Dataset:
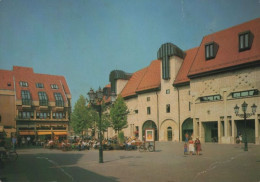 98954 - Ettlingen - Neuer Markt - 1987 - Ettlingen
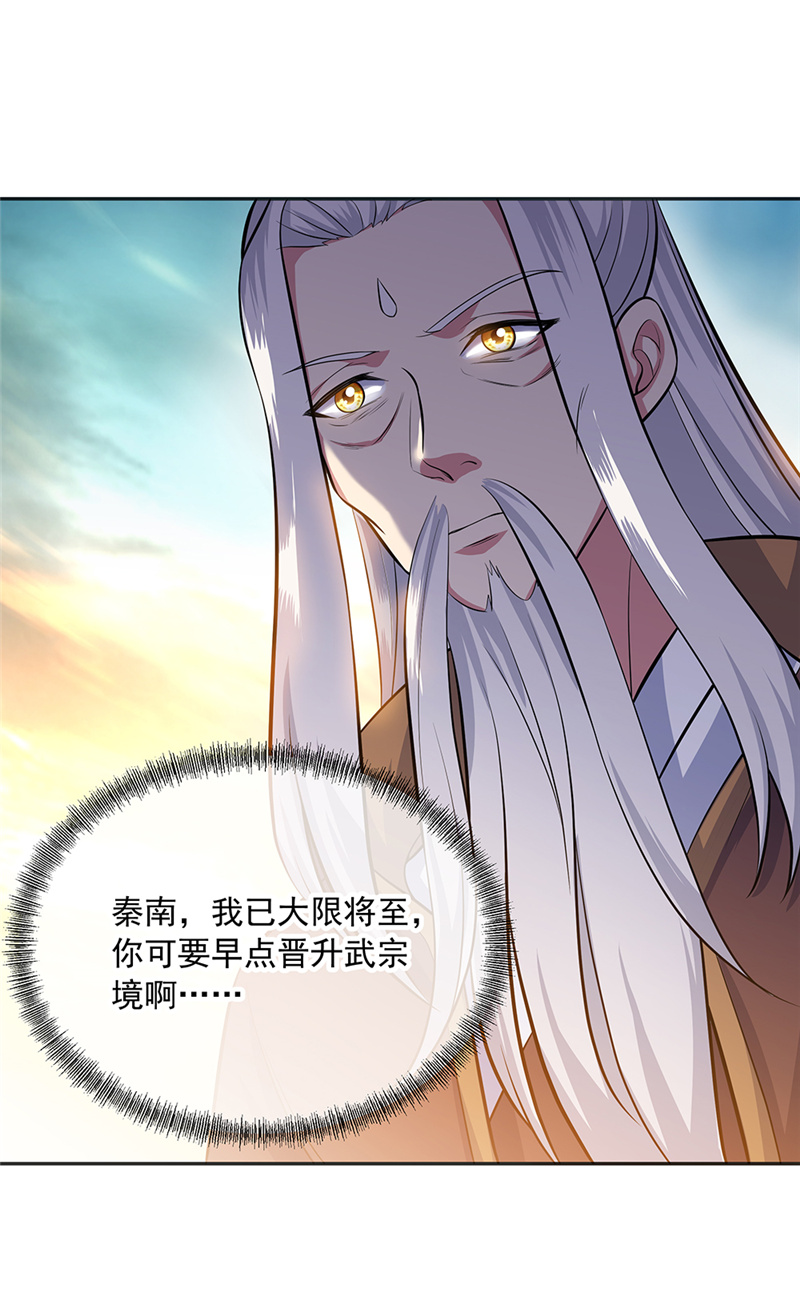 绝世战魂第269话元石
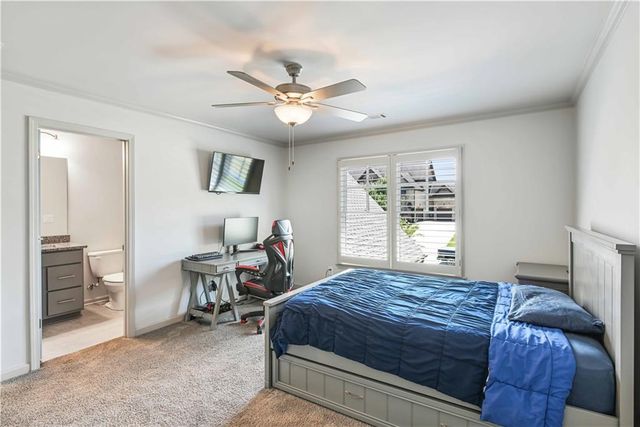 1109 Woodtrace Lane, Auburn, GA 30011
--
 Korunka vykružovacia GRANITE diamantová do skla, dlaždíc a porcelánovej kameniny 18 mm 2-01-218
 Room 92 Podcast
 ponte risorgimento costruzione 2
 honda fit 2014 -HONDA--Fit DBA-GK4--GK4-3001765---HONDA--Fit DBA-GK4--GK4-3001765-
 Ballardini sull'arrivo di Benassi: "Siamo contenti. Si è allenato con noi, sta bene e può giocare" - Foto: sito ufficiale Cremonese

Your instructions:
Above are the entries. Output exactly the lines beginning with the line that has "Korunka vykružovacia GRANITE" and ending with the line that has "Ballardini sull'arrivo di".

Result:
 Korunka vykružovacia GRANITE diamantová do skla, dlaždíc a porcelánovej kameniny 18 mm 2-01-218
 Room 92 Podcast
 ponte risorgimento costruzione 2
 honda fit 2014 -HONDA--Fit DBA-GK4--GK4-3001765---HONDA--Fit DBA-GK4--GK4-3001765-
 Ballardini sull'arrivo di Benassi: "Siamo contenti. Si è allenato con noi, sta bene e può giocare" - Foto: sito ufficiale Cremonese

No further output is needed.